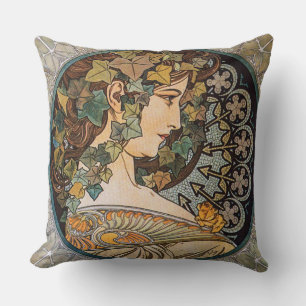 Coussin Fille aux Cheveux de Lierre Peinture d'Alphonse Mu
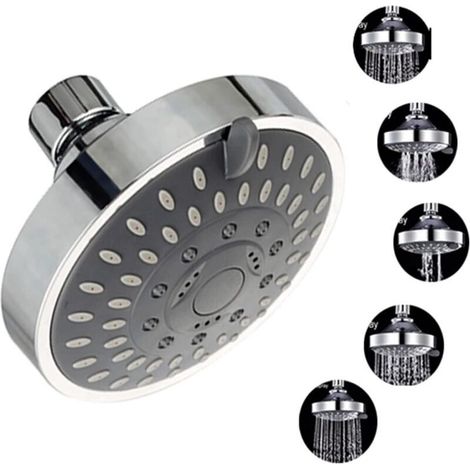 Pommeau de douche suspendu multifonction à 5 vitesses, buse ABS, économie d'eau, massage, brumisateur, douche de salle de bain d'hôtel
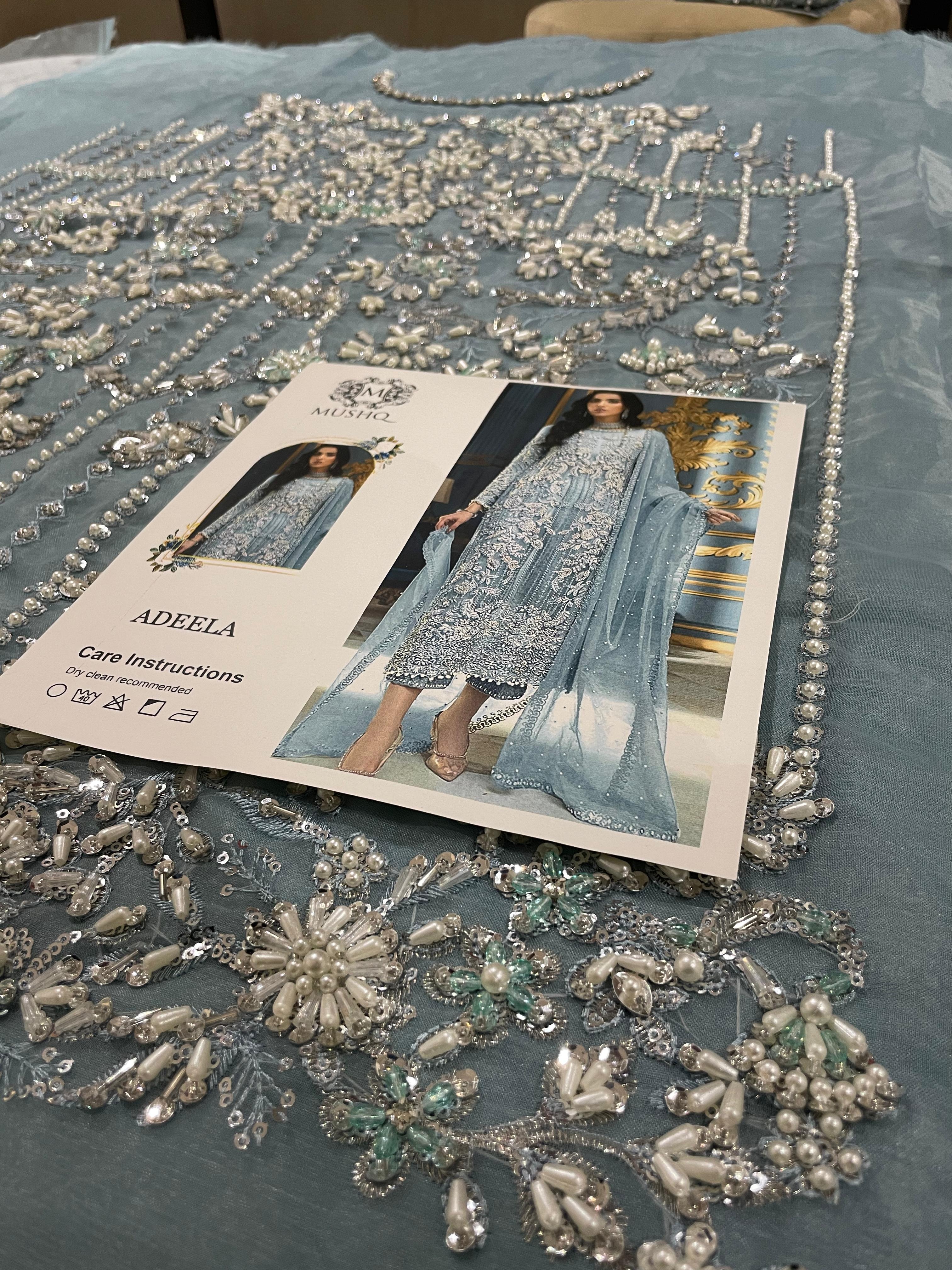 ADELA pakistani fashion outfit in blue, green, mint, silver tones.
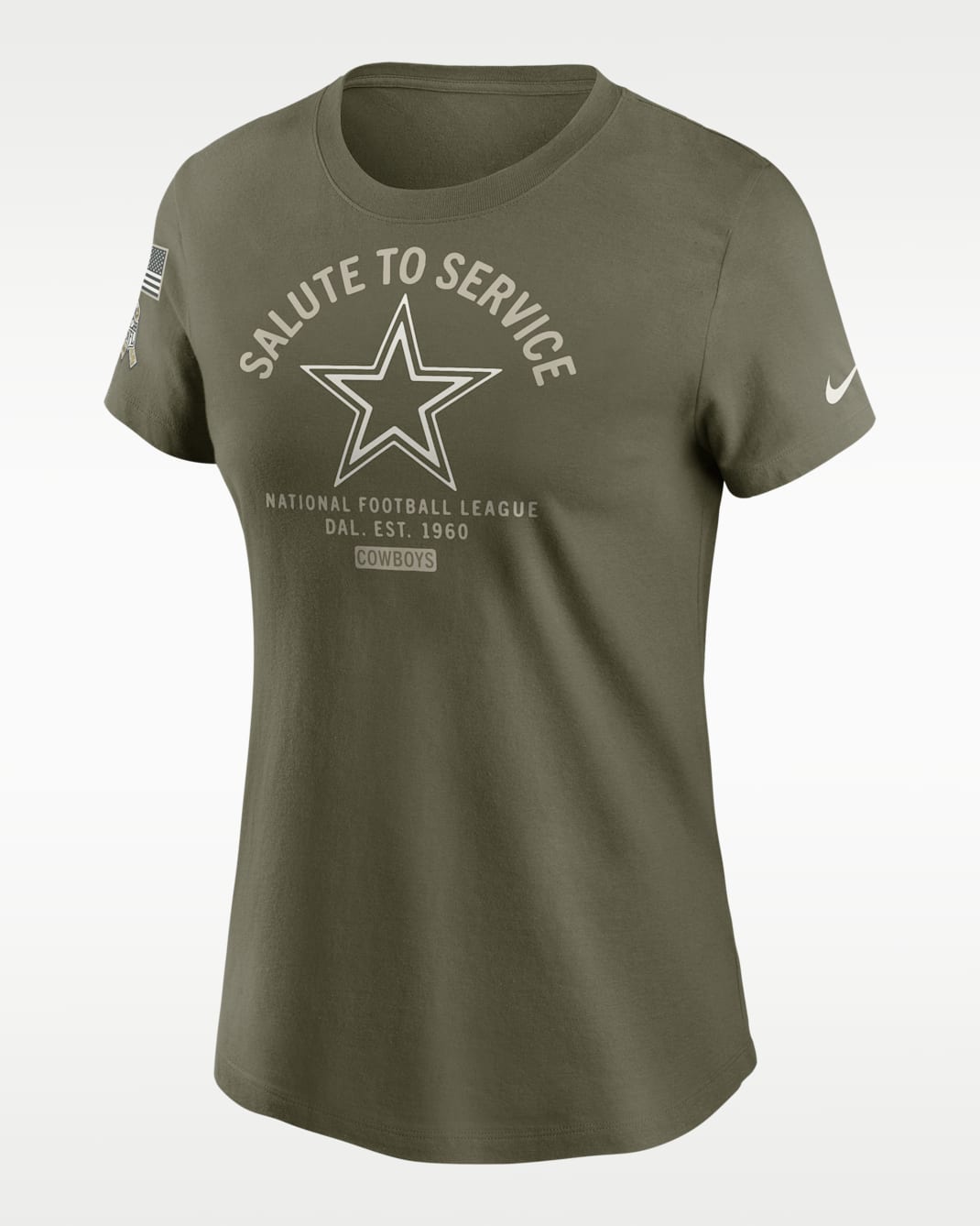 Dallas Cowboys Salute to Service Sideline Women's Nike NFL T-Shirt - Olive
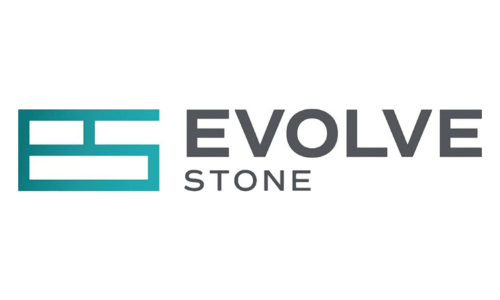 The logo for evolve stone is a blue and black logo on a white background.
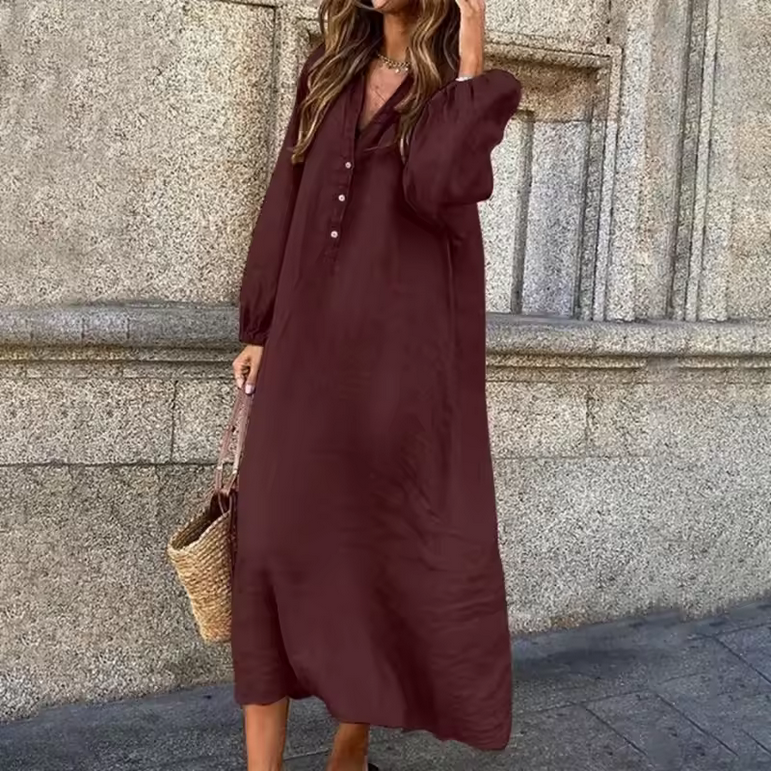 Maxikleid aus Leinen mit luftiger Passform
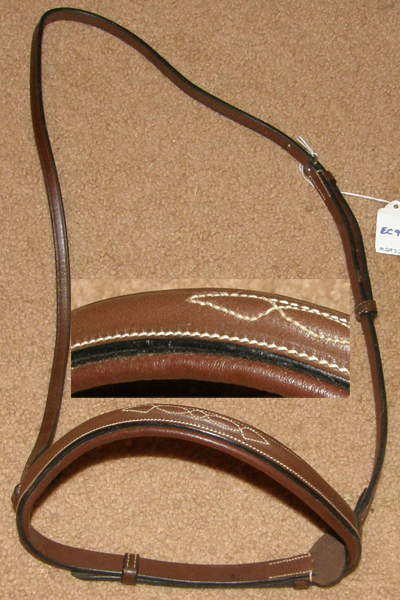 Padded Leather Round Raised English Caveson Fancy Stitched English Noseband Brown Horse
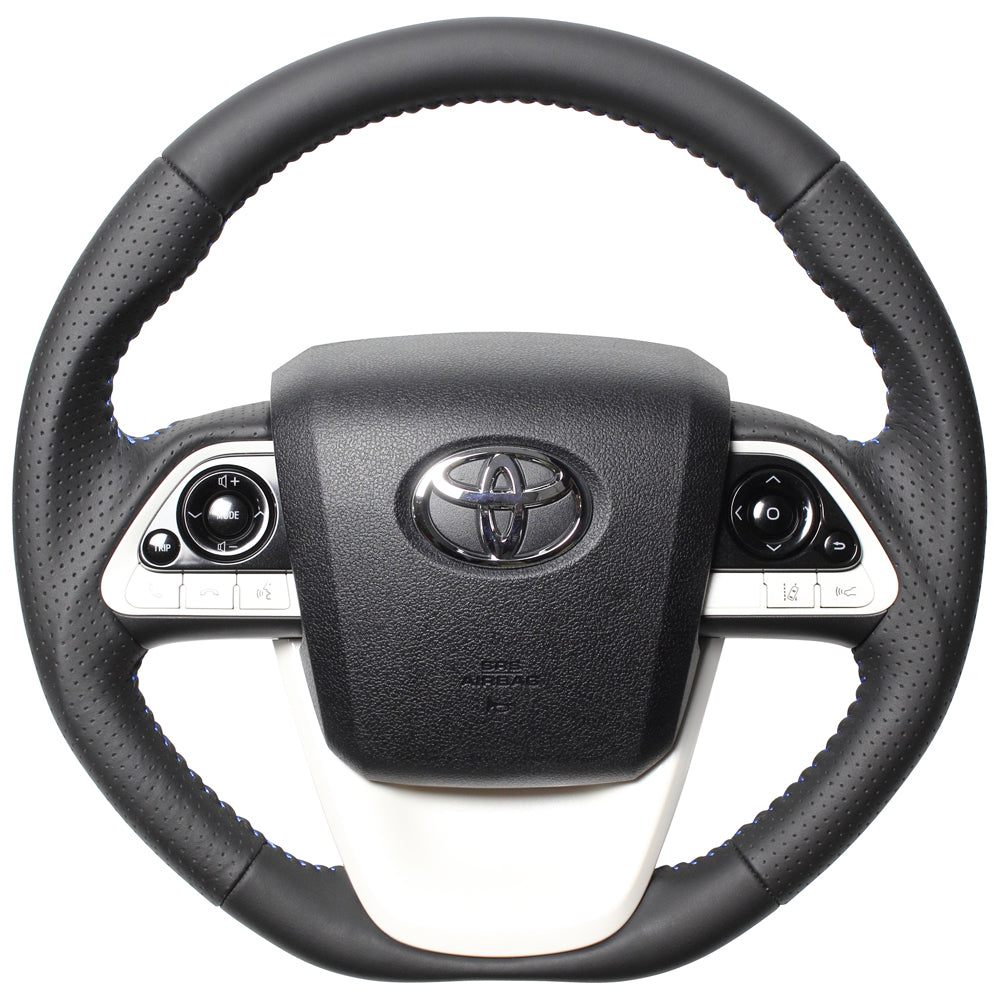 REAL ORIGINAL SERIES D SHAPE ALL LEATHER BLUE STITCH STEERING WHEEL FOR TOYOTA MIRAI 10  50-LPB-BL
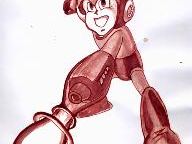 Mega Man Sketched From Menstrual Fluid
··········
# [ASSIGNMENT]
If a line falls between the one containing "ADELA pakistani fashion" and the last line of the entries above, both included, reproduce it exactly; leave the pictures out.

# [SOLUTION]
 ADELA pakistani fashion outfit in blue, green, mint, silver tones.
 Dallas Cowboys Salute to Service Sideline Women's Nike NFL T-Shirt - Olive
 The logo for evolve stone is a blue and black logo on a white background.
 Maxikleid aus Leinen mit luftiger Passform
 Padded Leather Round Raised English Caveson Fancy Stitched English Noseband Brown Horse
 REAL ORIGINAL SERIES D SHAPE ALL LEATHER BLUE STITCH STEERING WHEEL FOR TOYOTA MIRAI 10  50-LPB-BL
 Mega Man Sketched From Menstrual Fluid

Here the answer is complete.